Répression

MIS EN LIGNE LE 1er avril 2005

L’an dernier, un rapport émanant du département fédéral de justice et de police accusait l’extrême gauche d’être un des principaux facteurs de troubles intérieurs. Partout en Europe, les libertés fondamentales sont retreintes, voire muselées et la dérive sécuritaire s’annonce déjà particulièrement grande lors du prochain sommet du G8 en Ecosse, du 6 au 8 juillet. En marge du procès d’un membre d’attac, accusé de « délit d’émeute », il est temps de se demander comment on en est arrivé à de telles situations et comment y réagir, alors que les mouvements sociaux sont attaqués dans leur ensemble, à travers ces mesures répressives

De la répression sociale...

Ces dernières années, on assiste de toutes part à la destruction de l’état et à des atteintes de plus en plus graves aux protections sociales. Les coups de butoirs contre nos systèmes sociaux sont de plus en plus violents et provocateurs. Destruction des assurances vieillesse, invalidité et chômage, durcissement des lois du travail, précarisation générale de la main d’œuvre, toutes les victoires sociales sont en train d’être démantelées les unes après les autres. D’autre part, les détenteurs du capital exercent des pressions sur les gouvernements afin d’ouvrir les secteurs des services publics et de pouvoir ainsi récupérer des marchés porteurs de profits.

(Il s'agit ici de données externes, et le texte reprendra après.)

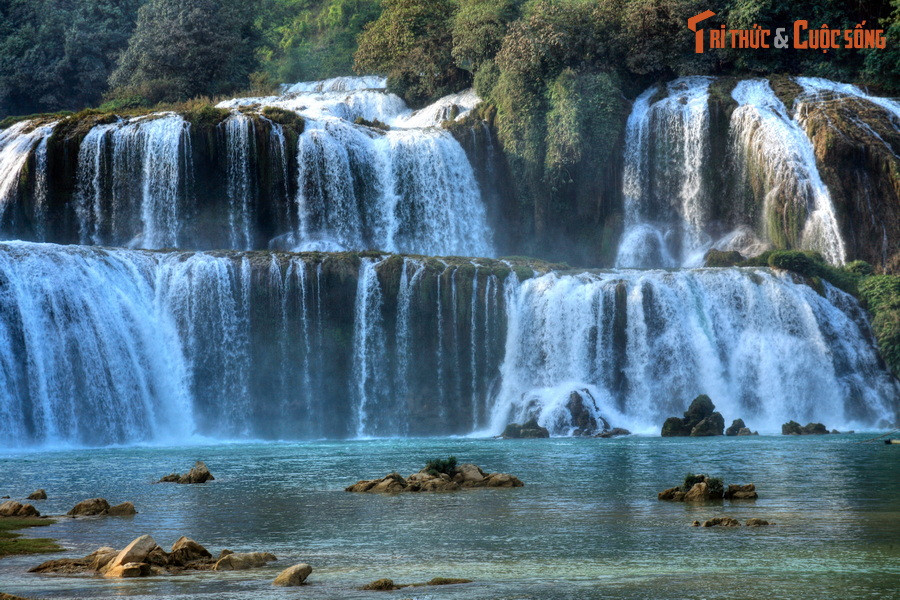 Trong phạm vi Công viên địa chất có nhiều danh lam thắng cảnh nổi tiếng Cao Bằng. Có thể kể đến như Thác Bản Giốc, động Ngườm Ngao, quần thể hồ Thang Hen, khu du lịch sinh thái Phia Oắc, Phia Đén... Ảnh: Thác Bản Giốc, huyện Trùng Khánh.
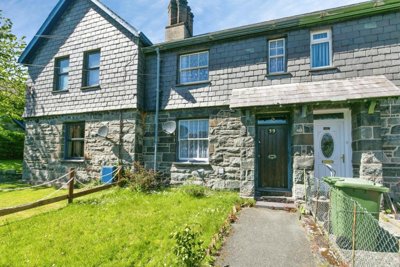 Property on Ffordd Tanrhiw, LL57 4AH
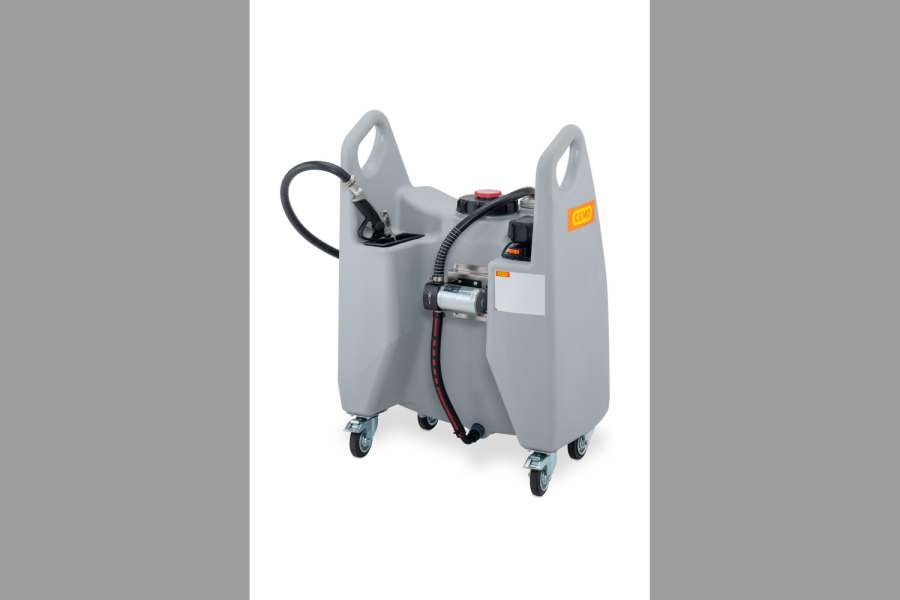Der Öl-Transfer-Trolley mit akkubetriebener Zahnradpumpe fasst bis 130 l und befördert bis zu 4,5 l/min mit bis zu 5 bar Druck. | Bild: Cemo.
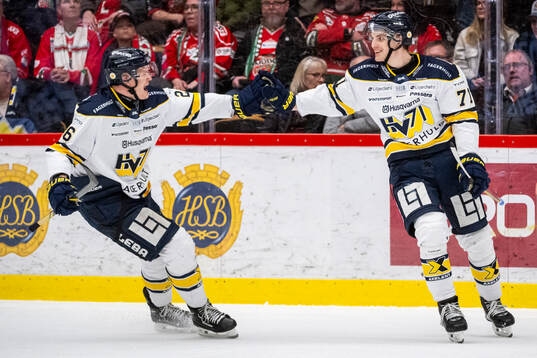HV71s Tommi Tikka och William Ignberg Nilsson jublar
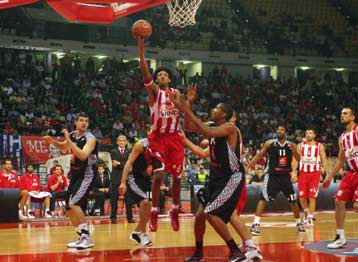 Ανετη νίκη του Ολυμπιακού, το Μαρούσι άγγιξε το θαύμα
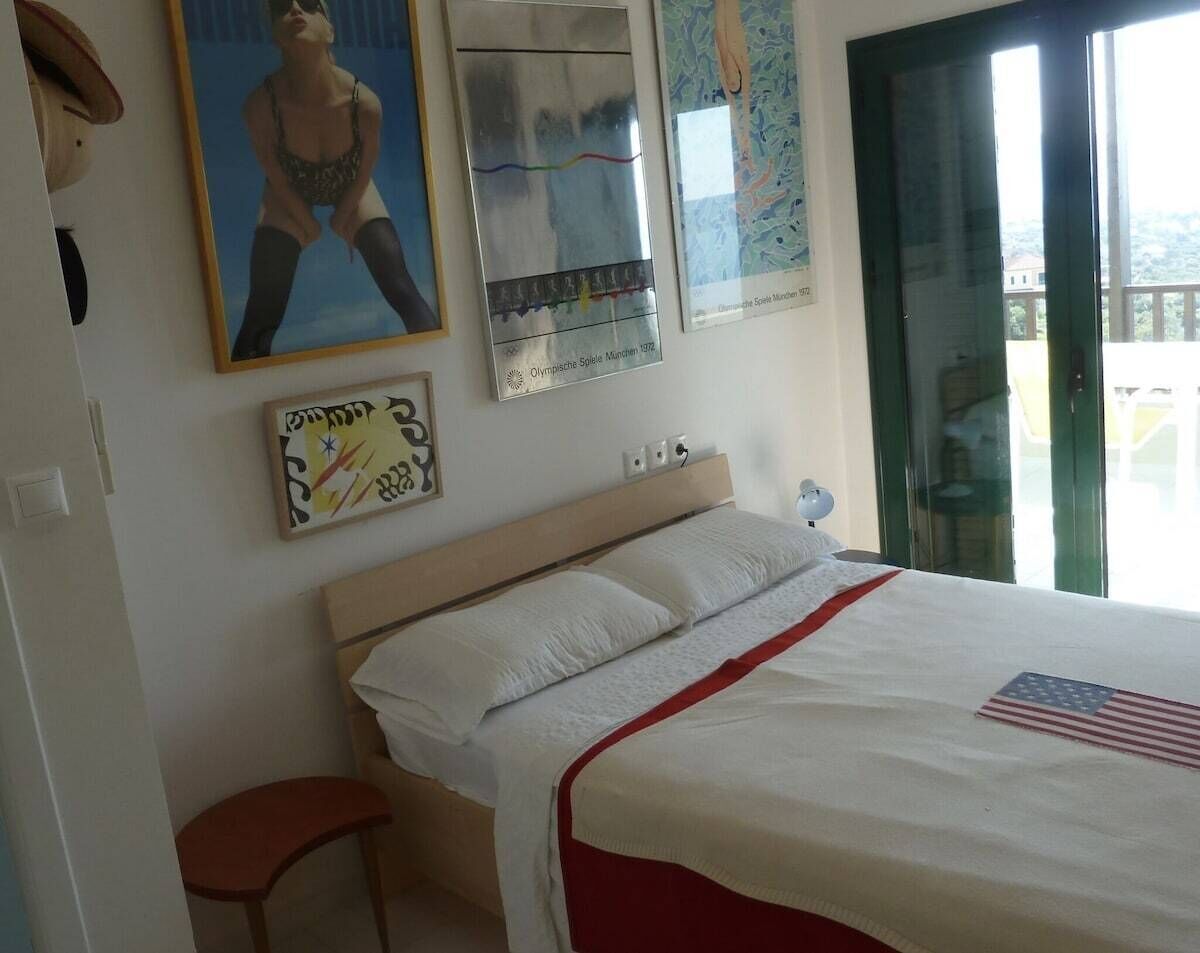 2 makuuhuonetta, silitysrauta/-lauta, Wi-Fi, vuodevaatteet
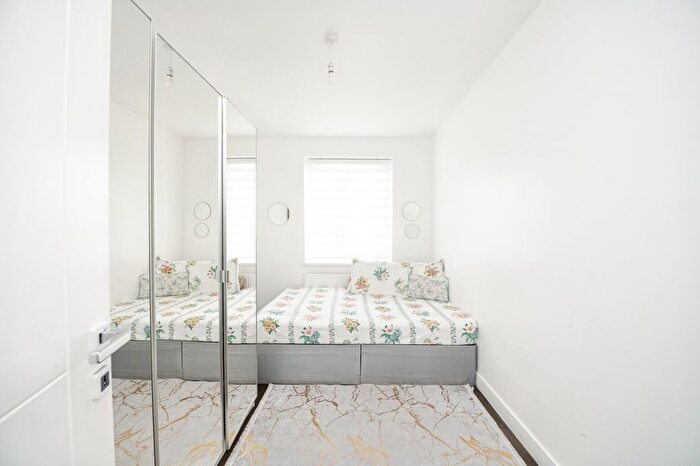 3 Bedroom Semi Detached House For Sale In Havering Road, Romford, RM1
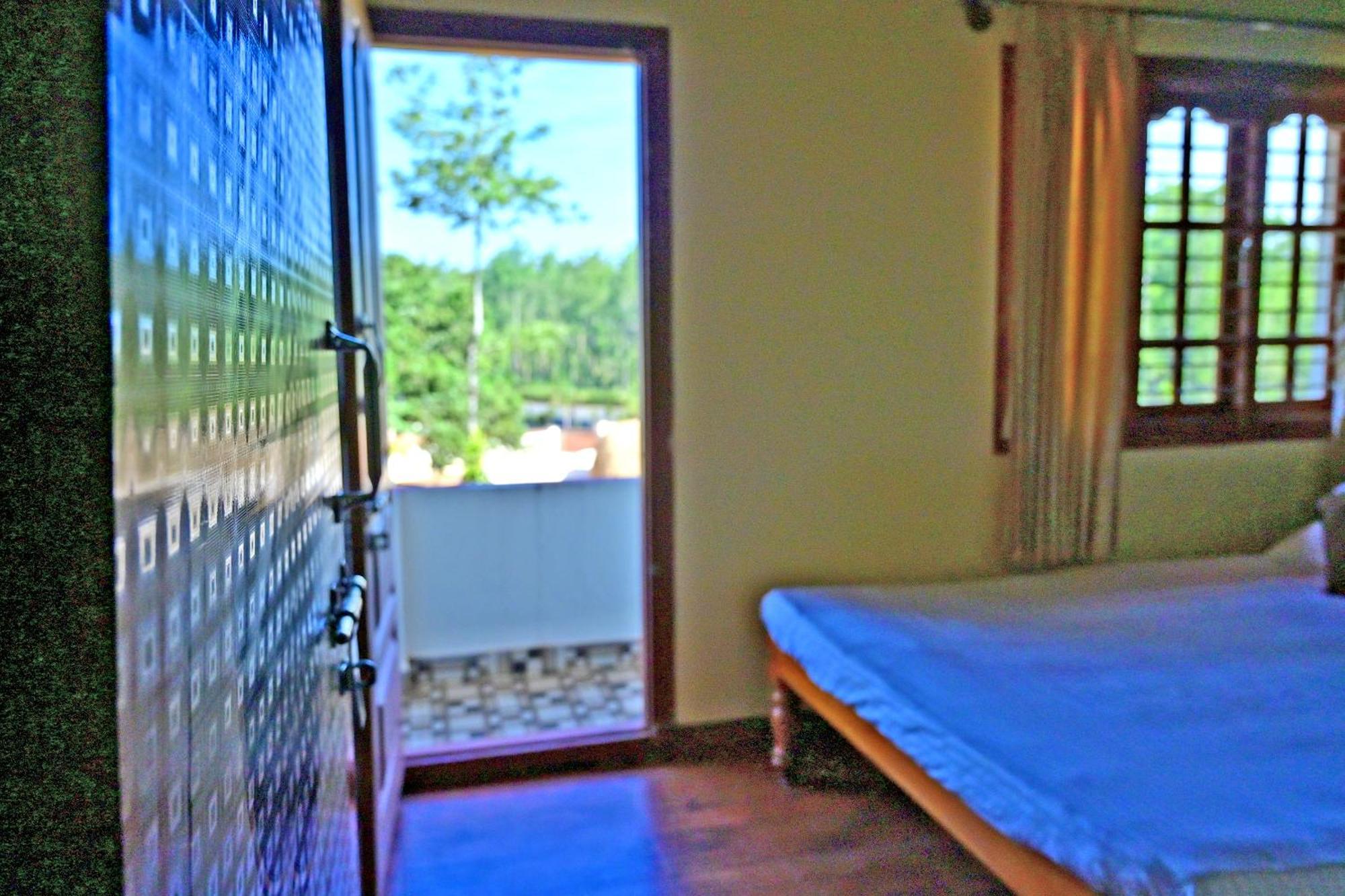 Hulihara Homestay - Full Villa, Coffee Estate & Balcony View Sakleshpur Exterior photo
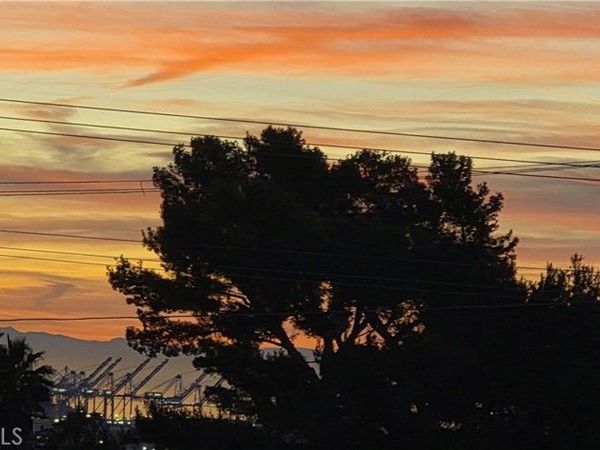 1516 W 5th Street, San Pedro, CA 90732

L’AGCS, la directive Bolkestein ou la Constitution européenne sont autant de cadres légaux qui avaliseront et perfectionneront ces destructions. Ces politiques de démantèlement social engendrent des résistances et les laissé-e-s pour compte de cette société viennent sans cesse grossir les rangs des résistant-e-s : en témoignent les grèves récurrentes de ces dernières années jusqu’à celles de Filtrona et de Swissmetal. Du durcissement des rapports sociaux découle une situation explosive, qui voit s’affronter de plus en plus souvent travailleuses, travailleurs et syndicats d’une part, patronat et détenteurs du pouvoir de l’autre. Ces oppositions s’inscrivent dans une tendance globale au niveau européen. Aux répressions sociales s’ajoutent des pressions exercées sur des organisatrices et organisateurs d’actions syndicales, quand ce n’est pas des intimidations ou accusations complètement disproportionnées. Dans certains cas extrêmes, on a même vu le gouvernement sortir de sa neutralité et envoyer la police dégager un piquet de grève : les grévistes d’Allpack à Bâle s’en souviennent encore.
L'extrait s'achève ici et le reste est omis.